> _PROBLEM STATEMENT_
The answer should match the entries below word for word, minus their pictures.

> _RECORDS SHOWN_
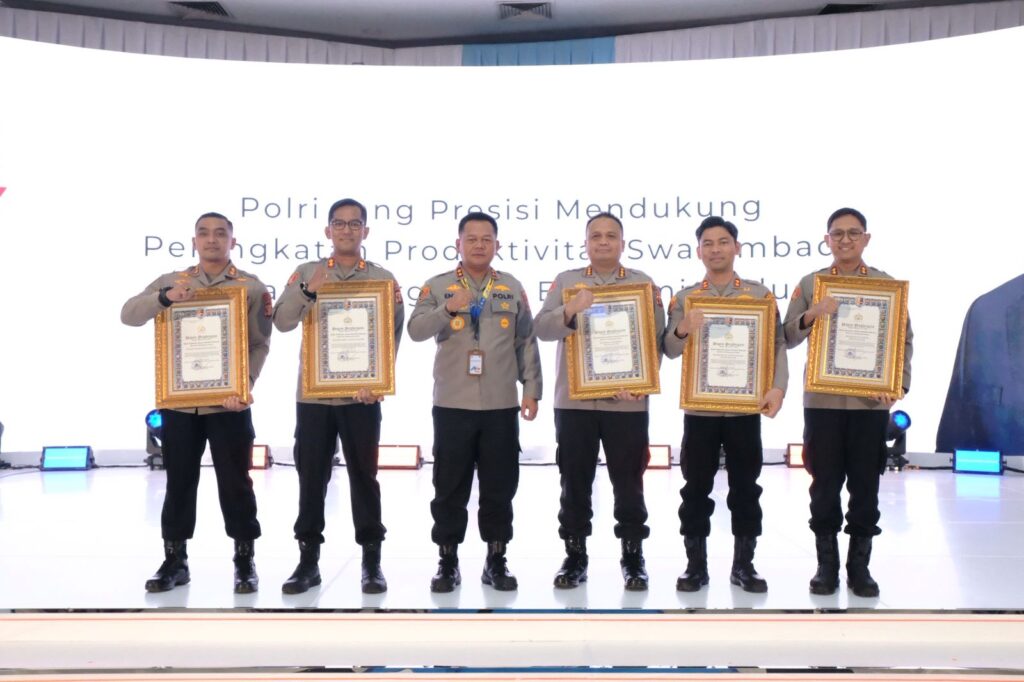 Polres Kutai Timur Terima Penghargaan Pelayanan Prima dan Zona Integritas dari Kapolri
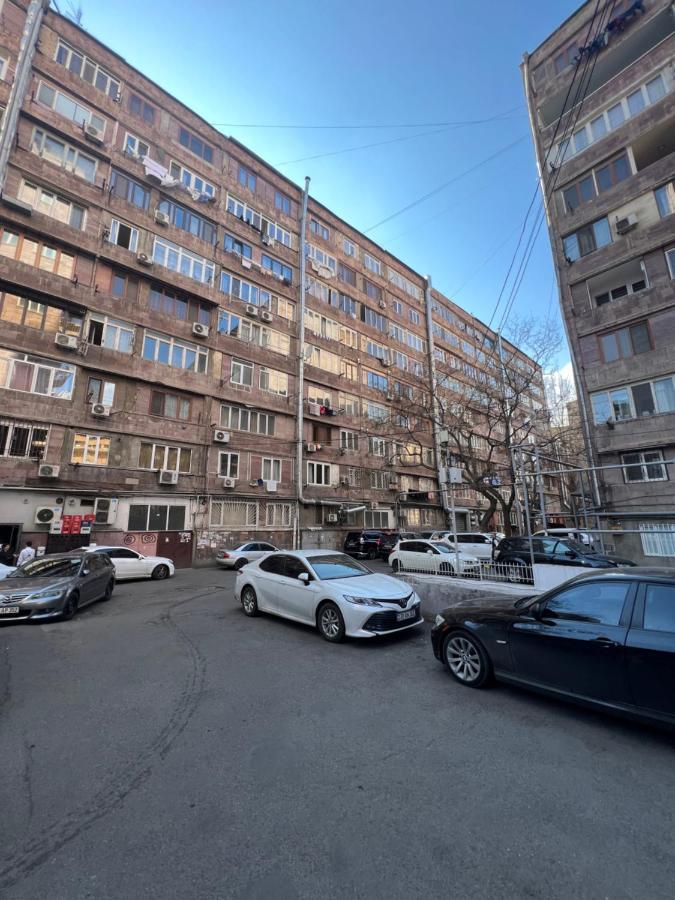 N1 Guest Hause Ξενοδοχείο Γιερεβάν Εξωτερικό φωτογραφία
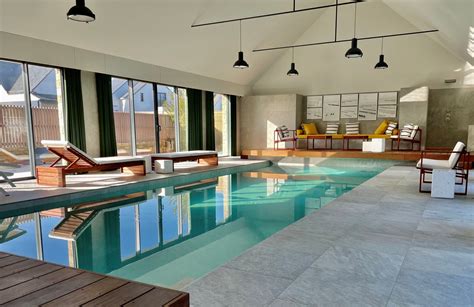 Piscine intérieure luxueuse en marbre avec coin salon et bar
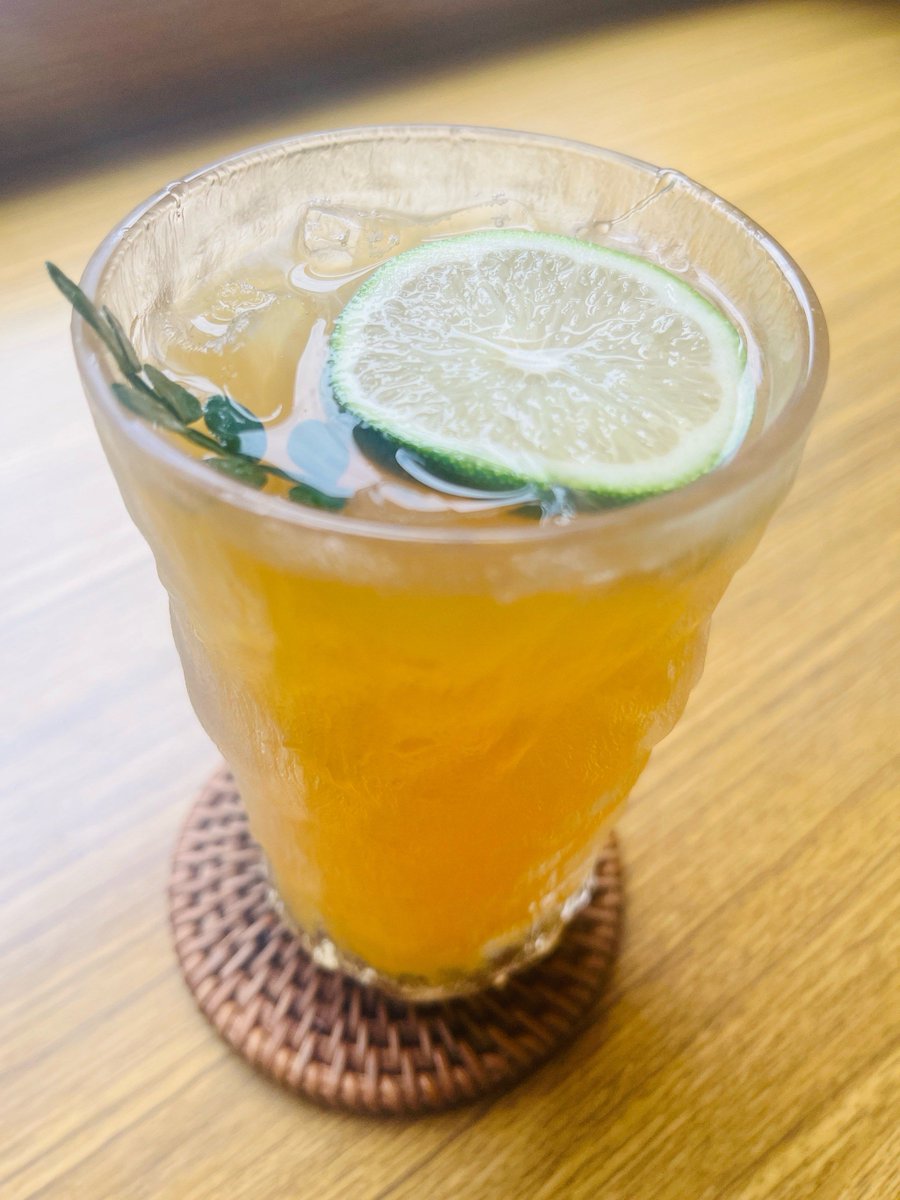 ElvisHanse3's tweet photo. Craving a zesty pick-me-up Whip up a 2-minute citrus iced tea: steep black tea with lemon slices, add a splash of honey u0026 ice. Perfect for lazy afternoons!， https://t.co/cnEGVV65aU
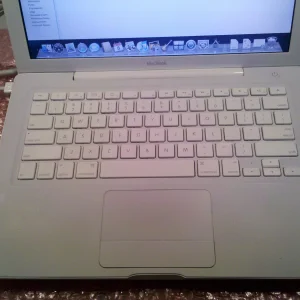 Macbook 2.4 2gb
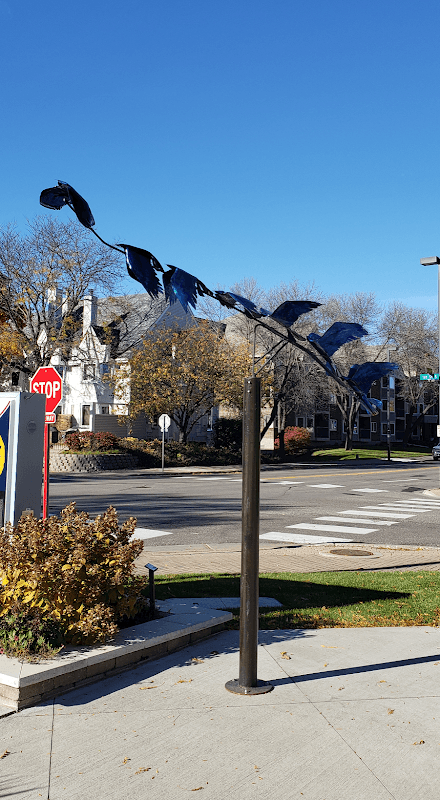 'Birds In Flight' Sculpture - Image 2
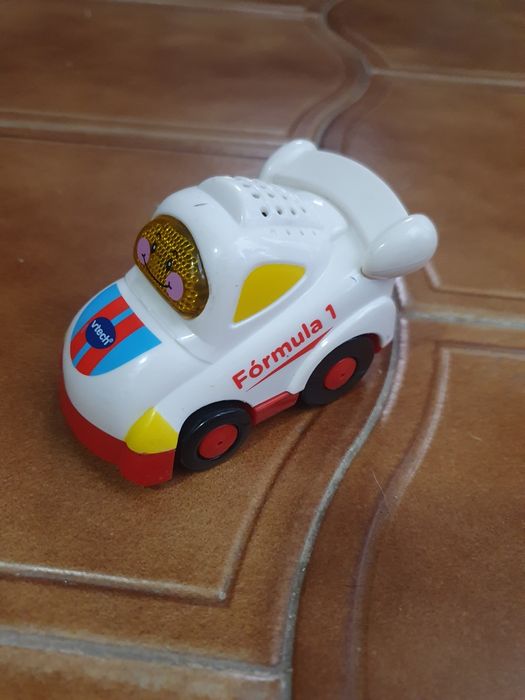Carrinho interativos Vtech com pista
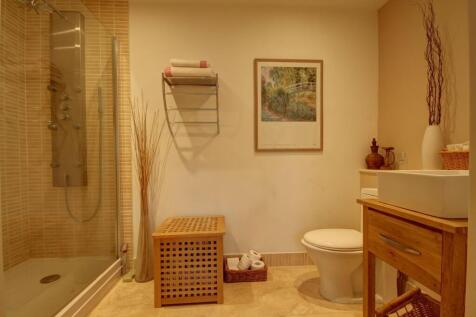 Bathroom 01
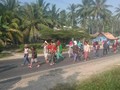 Peserta Aksi Jalan Kaki Suku Anak Dalam Jambi Kesulitan Air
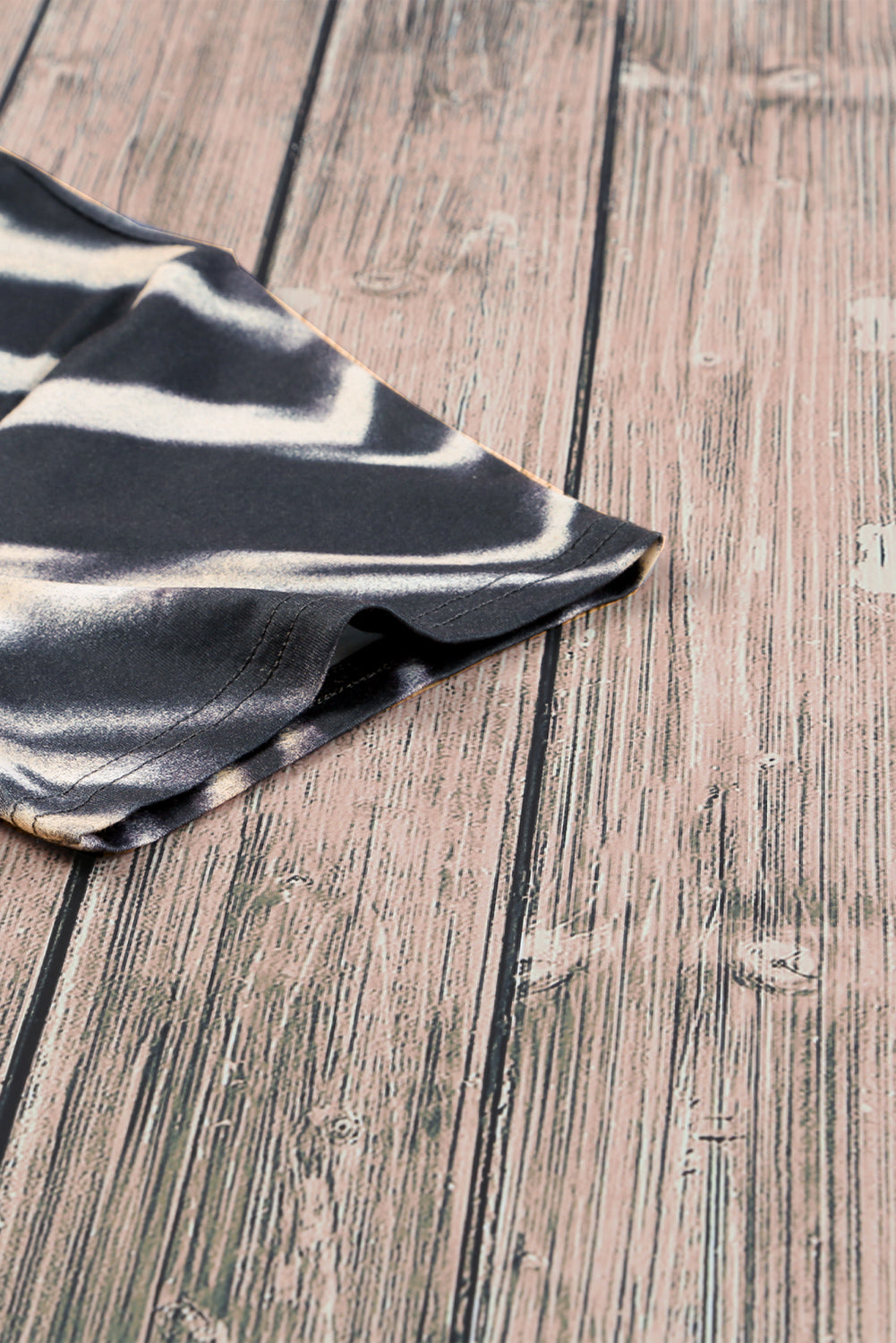 Blank Apparel - T-shirt basique à rayures bleu tie-dye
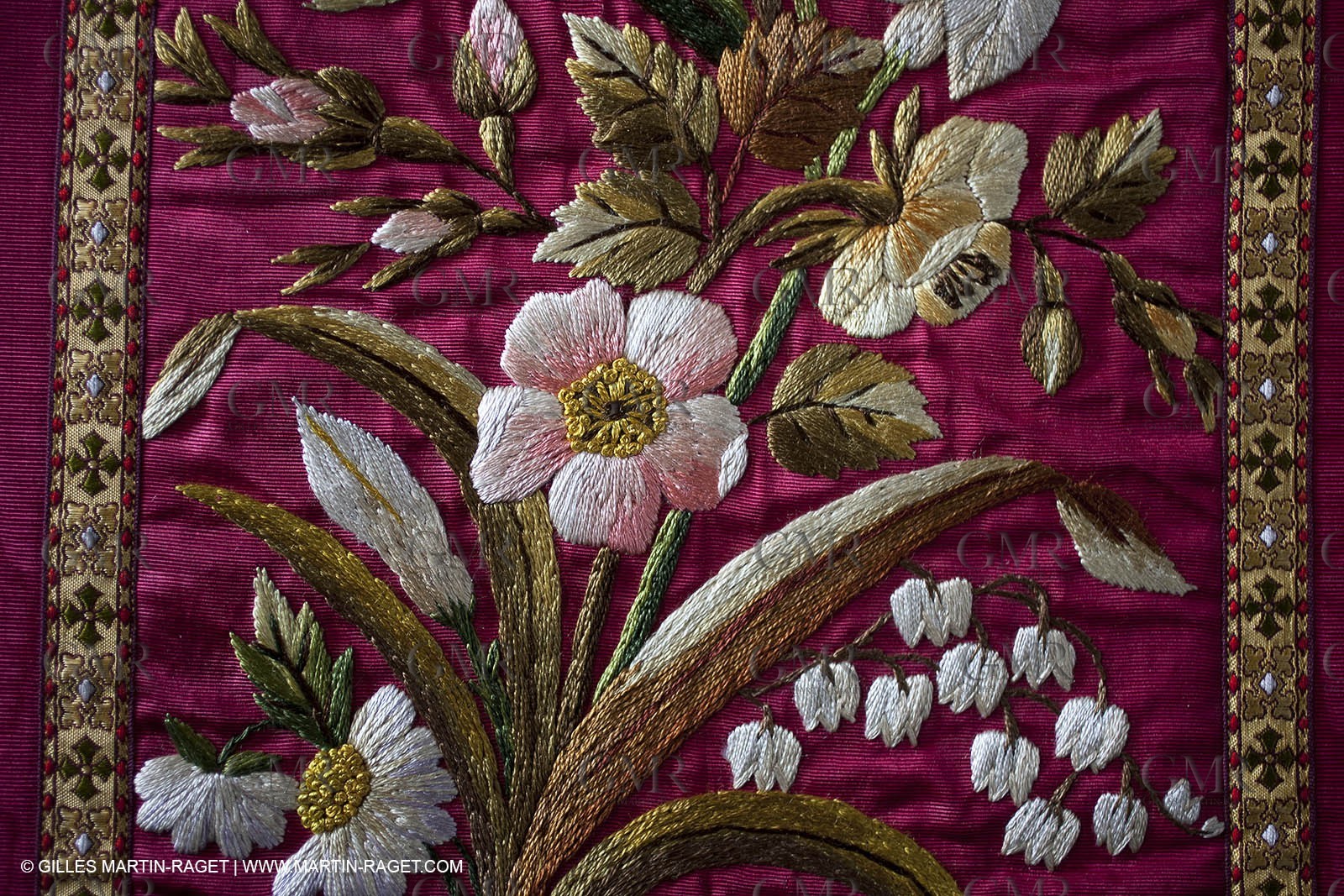 04 02 2013 - Marseille(FRA,13), Notre Dame de la Garde, liturgical clothing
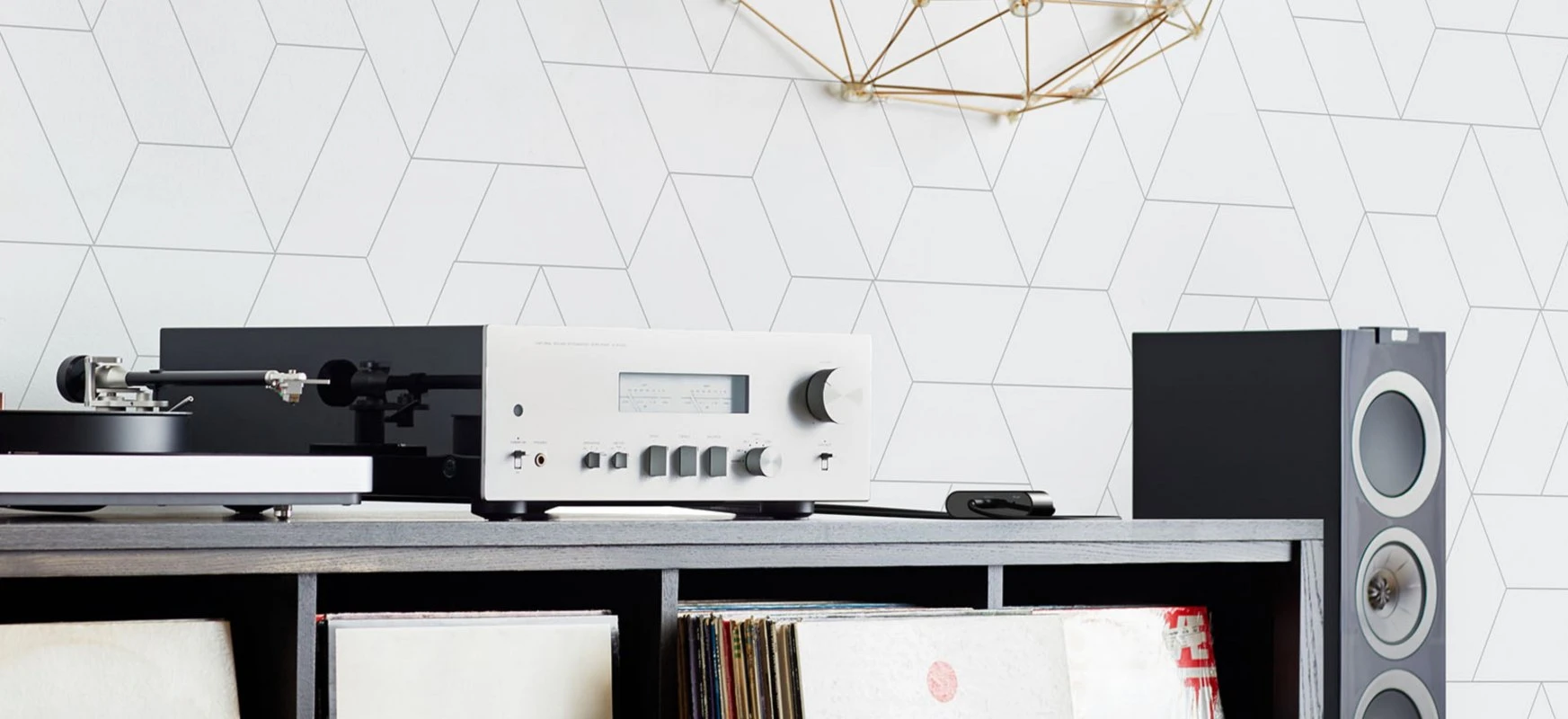 Adapter Belkin z AirPlay 2, czyli Apple Music na starym sprzęcie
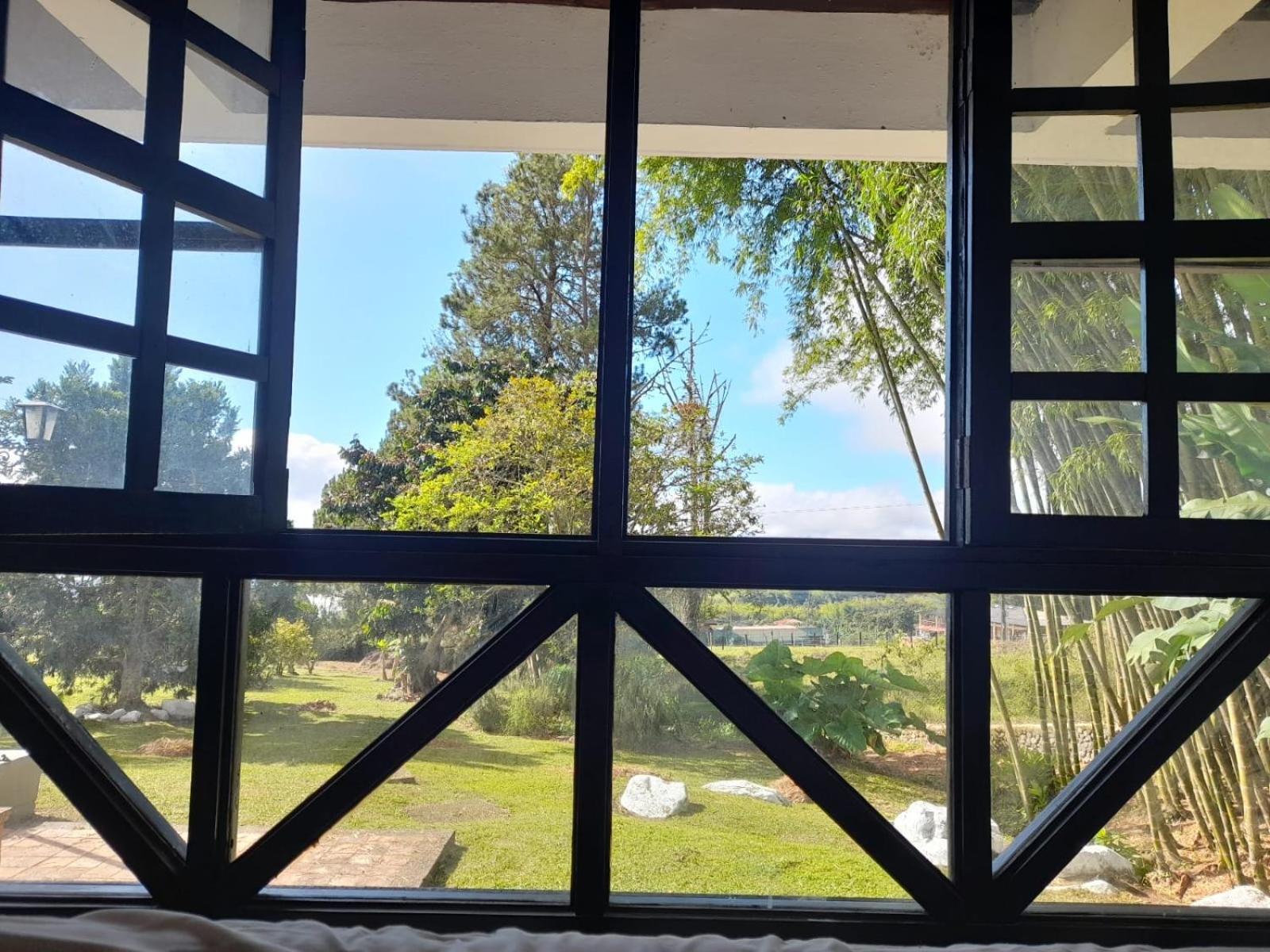 Hotel Maca Lago Calima Esterno foto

> _TASK ANSWER_
 Polres Kutai Timur Terima Penghargaan Pelayanan Prima dan Zona Integritas dari Kapolri
 N1 Guest Hause Ξενοδοχείο Γιερεβάν Εξωτερικό φωτογραφία
 Piscine intérieure luxueuse en marbre avec coin salon et bar
 ElvisHanse3's tweet photo. Craving a zesty pick-me-up Whip up a 2-minute citrus iced tea: steep black tea with lemon slices, add a splash of honey u0026 ice. Perfect for lazy afternoons!， https://t.co/cnEGVV65aU
 Macbook 2.4 2gb
 'Birds In Flight' Sculpture - Image 2
Carrinho interativos Vtech com pista
 Bathroom 01
 Peserta Aksi Jalan Kaki Suku Anak Dalam Jambi Kesulitan Air
 Blank Apparel - T-shirt basique à rayures bleu tie-dye
 04 02 2013 - Marseille(FRA,13), Notre Dame de la Garde, liturgical clothing
 Adapter Belkin z AirPlay 2, czyli Apple Music na starym sprzęcie
 Hotel Maca Lago Calima Esterno foto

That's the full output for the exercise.